Description of the task ▸ Could you retype every line below exactly, omitting the images?

------ Exercise inputs

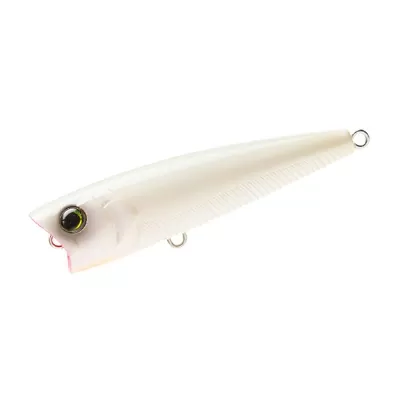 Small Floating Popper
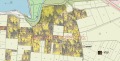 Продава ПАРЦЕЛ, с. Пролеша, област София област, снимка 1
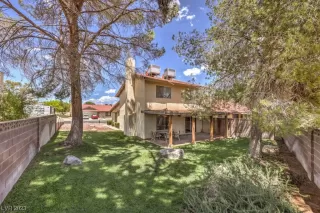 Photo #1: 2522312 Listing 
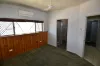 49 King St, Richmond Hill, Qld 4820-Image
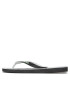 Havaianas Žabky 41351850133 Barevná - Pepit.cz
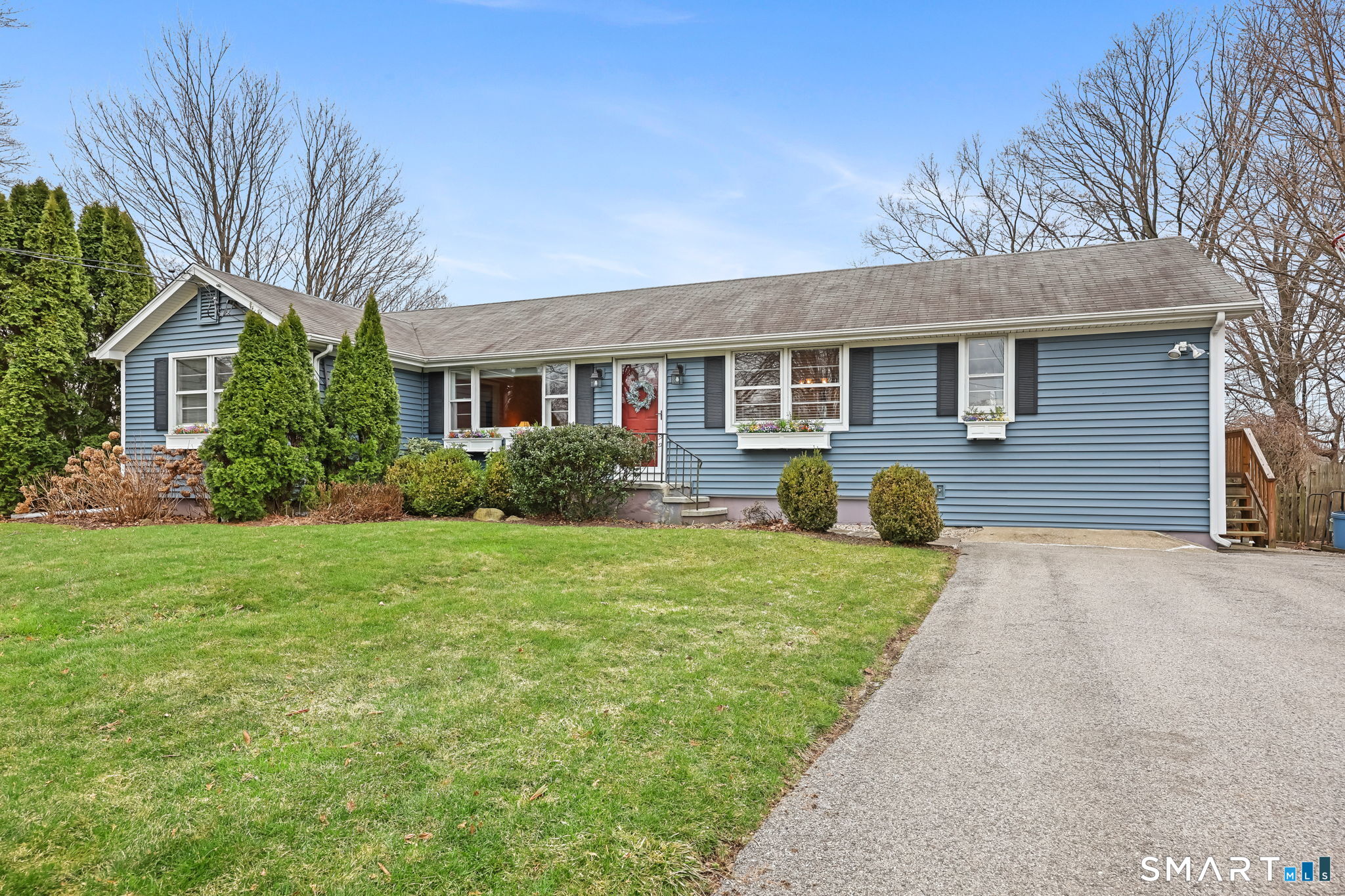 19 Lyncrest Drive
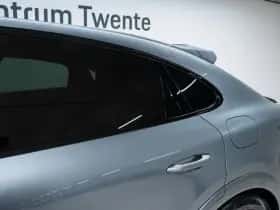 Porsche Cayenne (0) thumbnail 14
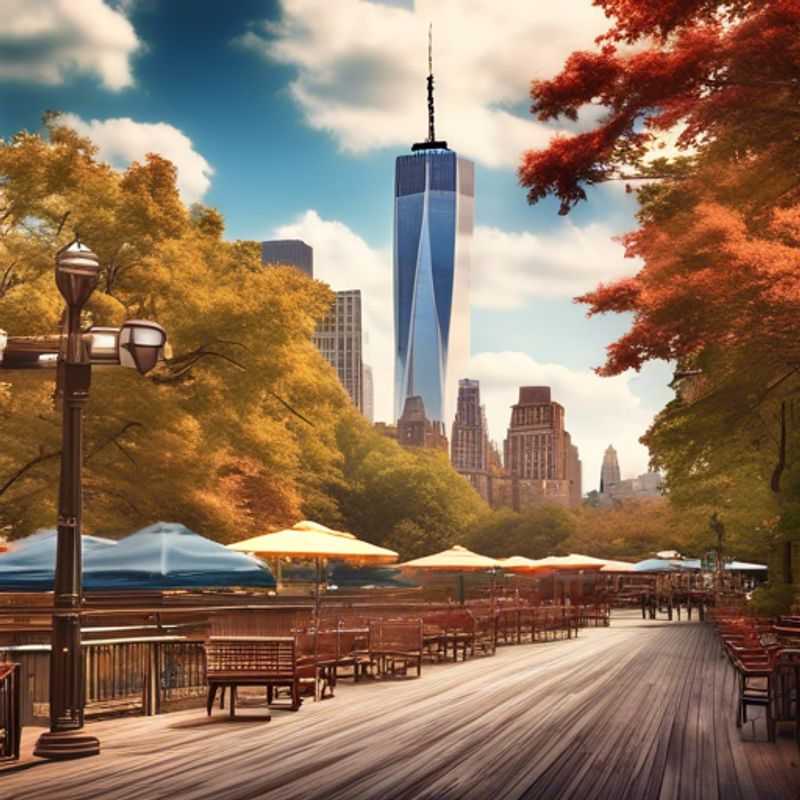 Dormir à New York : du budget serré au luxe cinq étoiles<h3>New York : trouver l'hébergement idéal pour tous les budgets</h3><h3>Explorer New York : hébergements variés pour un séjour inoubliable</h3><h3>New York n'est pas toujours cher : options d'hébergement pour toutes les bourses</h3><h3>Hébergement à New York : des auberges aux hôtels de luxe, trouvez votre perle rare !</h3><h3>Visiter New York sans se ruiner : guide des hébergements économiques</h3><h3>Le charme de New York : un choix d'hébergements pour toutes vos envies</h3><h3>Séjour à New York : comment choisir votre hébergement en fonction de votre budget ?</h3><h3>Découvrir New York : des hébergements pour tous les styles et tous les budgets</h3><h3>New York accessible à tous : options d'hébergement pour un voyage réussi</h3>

------------

The answer ▸
 Small Floating Popper
 Продава ПАРЦЕЛ, с. Пролеша, област София област, снимка 1
 Photo #1: 2522312 Listing 
 49 King St, Richmond Hill, Qld 4820-Image
 Havaianas Žabky 41351850133 Barevná - Pepit.cz
 19 Lyncrest Drive
 Porsche Cayenne (0) thumbnail 14
 Dormir à New York : du budget serré au luxe cinq étoiles<h3>New York : trouver l'hébergement idéal pour tous les budgets</h3><h3>Explorer New York : hébergements variés pour un séjour inoubliable</h3><h3>New York n'est pas toujours cher : options d'hébergement pour toutes les bourses</h3><h3>Hébergement à New York : des auberges aux hôtels de luxe, trouvez votre perle rare !</h3><h3>Visiter New York sans se ruiner : guide des hébergements économiques</h3><h3>Le charme de New York : un choix d'hébergements pour toutes vos envies</h3><h3>Séjour à New York : comment choisir votre hébergement en fonction de votre budget ?</h3><h3>Découvrir New York : des hébergements pour tous les styles et tous les budgets</h3><h3>New York accessible à tous : options d'hébergement pour un voyage réussi</h3>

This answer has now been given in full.